Give again only what runs from the line with "animation of snow" to the final line of the entries below, exactly as written and without pictures.

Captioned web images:
========================================
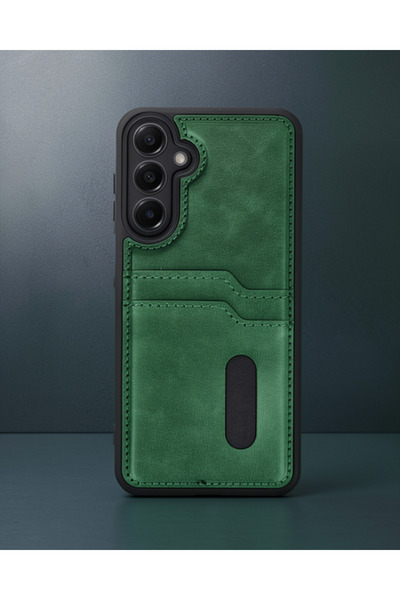 teknodayım Samsung Galaxy A55 5g Case Sara Leather Case with Business Card Ho...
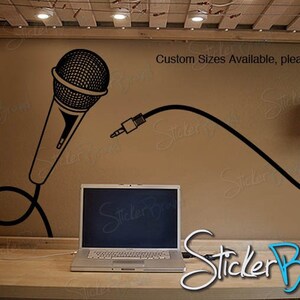 Microphone Wall Decal. Mic with Cord Wall Sticker Bedroom Decor. Gift for Musician. Music Theme Wall Decor. Kid's Bedroom Wall Decor. 449 image 3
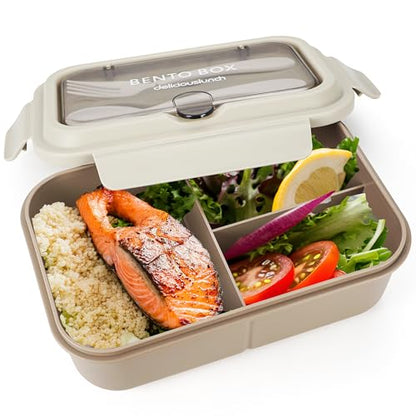 Fanhaw 40 Oz/5 Cup Bento Box for Kids, Men and Women, Lunch Box with 3 Compartments, Utensil, Microwave & Dishwasher Safe (Brown) - color: Brown
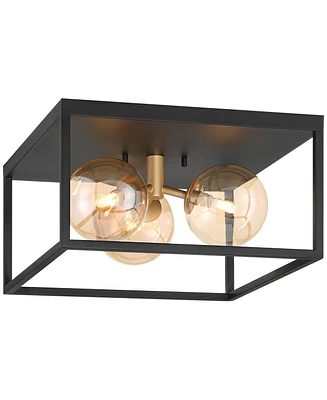 Possini Euro Design Garvin 14 1/2" Modern Flush-Mount Ceiling Light Fixture Kitchen Foyer Hallway 3-Light Led Dimmable Black Glass Metal Bedroom Bathr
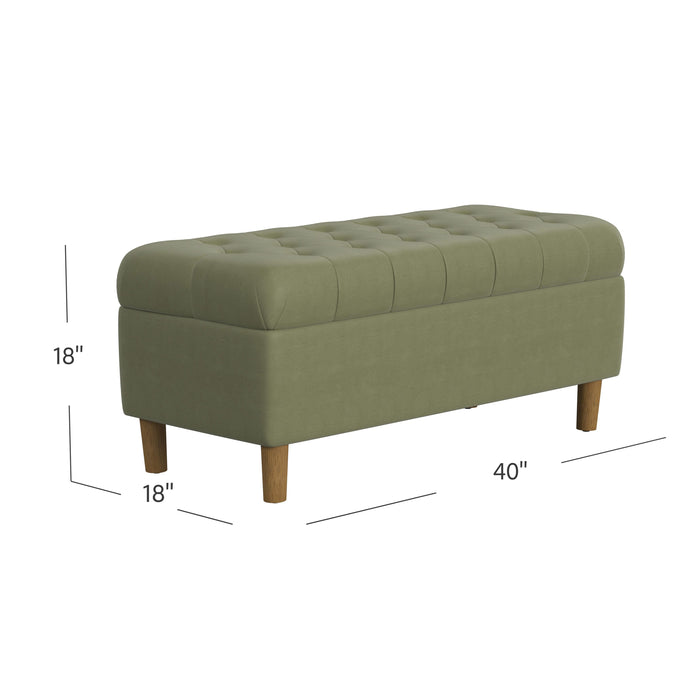 HomePop Button Tufted Storage Bench with Cone wood legs -  Light Sage Green Velvet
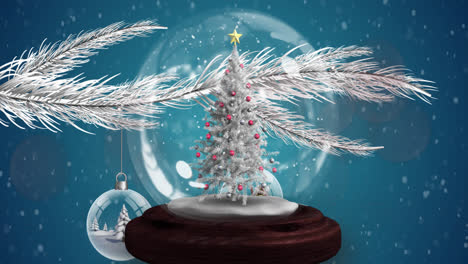 animation of snow falling over christmas snow ball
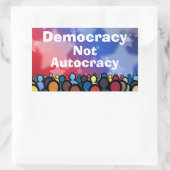 Democracy Not Autocracy Rechteckiger Aufkleber (Tasche)
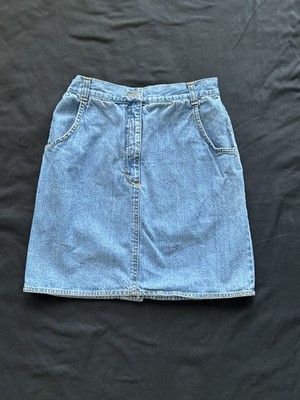 Vintage Red Lodge Trading Co Women s Size 7 Denim Skirt High Waisted Pockets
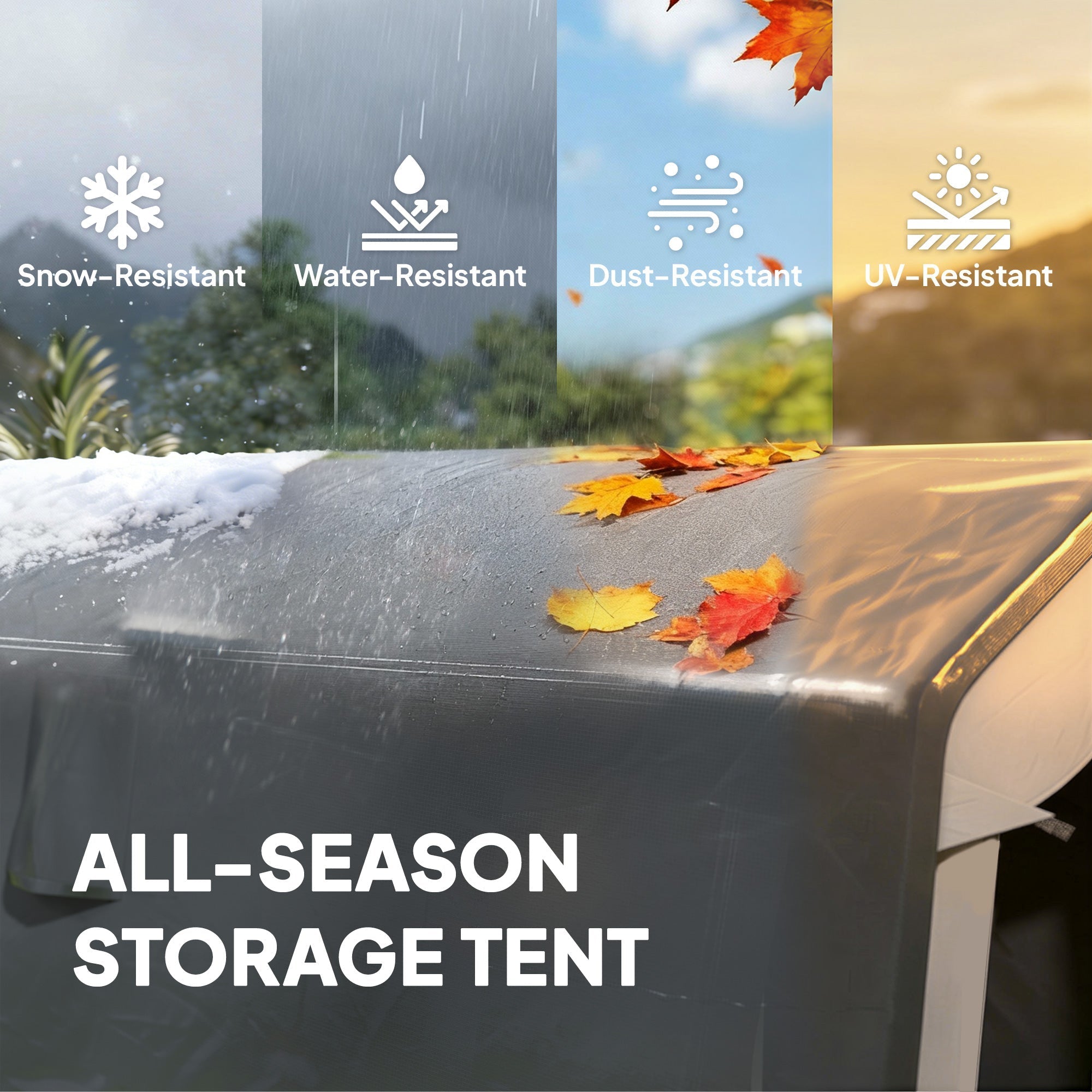 Outsunny 1.8 x 2.4m Garden Storage Shed Tent, Waterproof Portable Shed Shelter for Motorbike, Garden Tools, Bike Storage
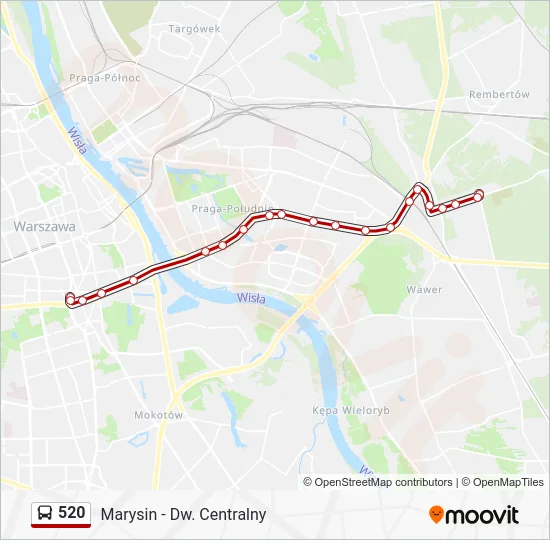 Автобус 520: карта маршрута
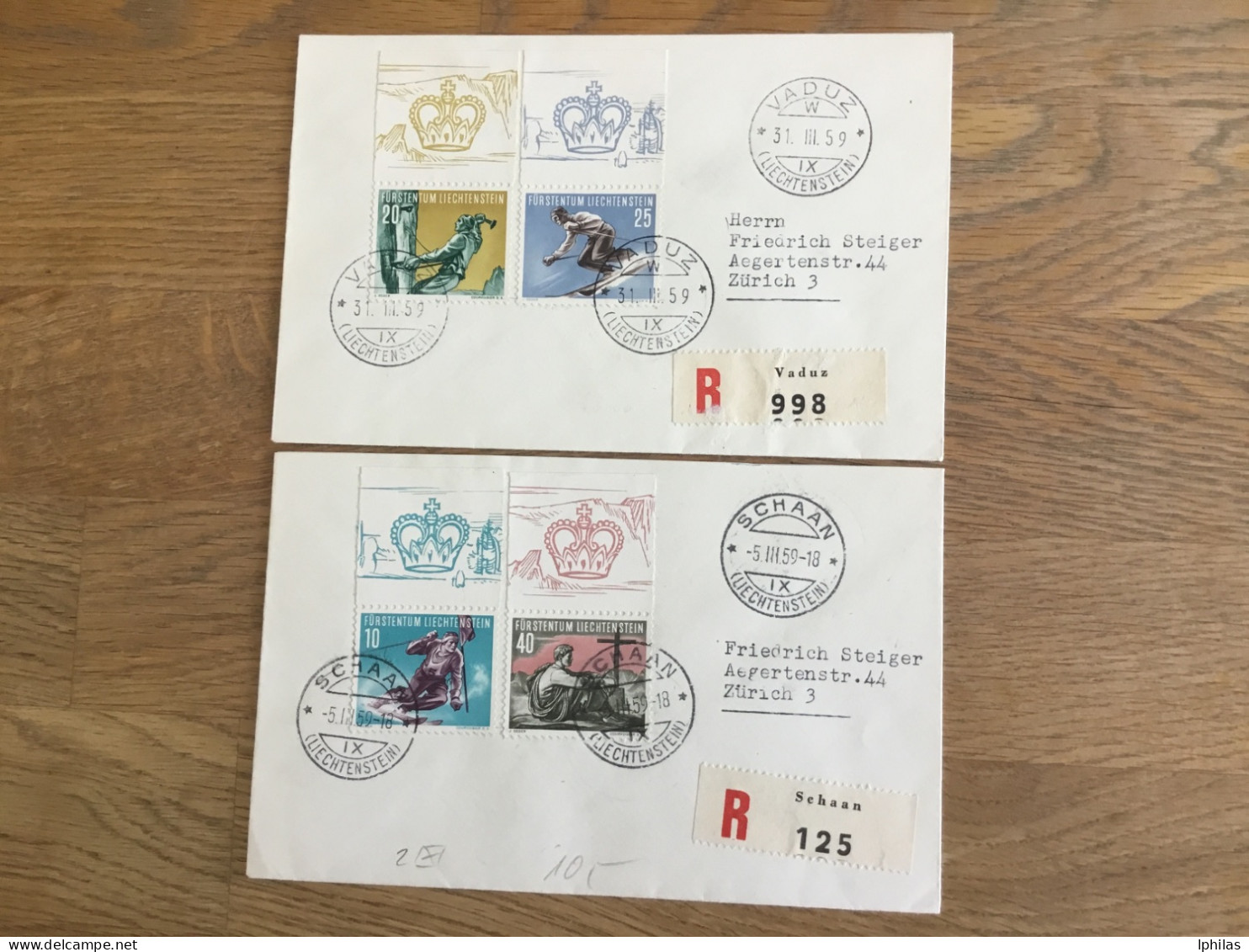 Liechtenstein 1959 Randstücke 2 Briefe - Lettres & Documents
========================================
Reply to the exercise:
 animation of snow falling over christmas snow ball
 Democracy Not Autocracy Rechteckiger Aufkleber (Tasche)
 Vintage Red Lodge Trading Co Women s Size 7 Denim Skirt High Waisted Pockets
 Outsunny 1.8 x 2.4m Garden Storage Shed Tent, Waterproof Portable Shed Shelter for Motorbike, Garden Tools, Bike Storage
 Автобус 520: карта маршрута
 Liechtenstein 1959 Randstücke 2 Briefe - Lettres & Documents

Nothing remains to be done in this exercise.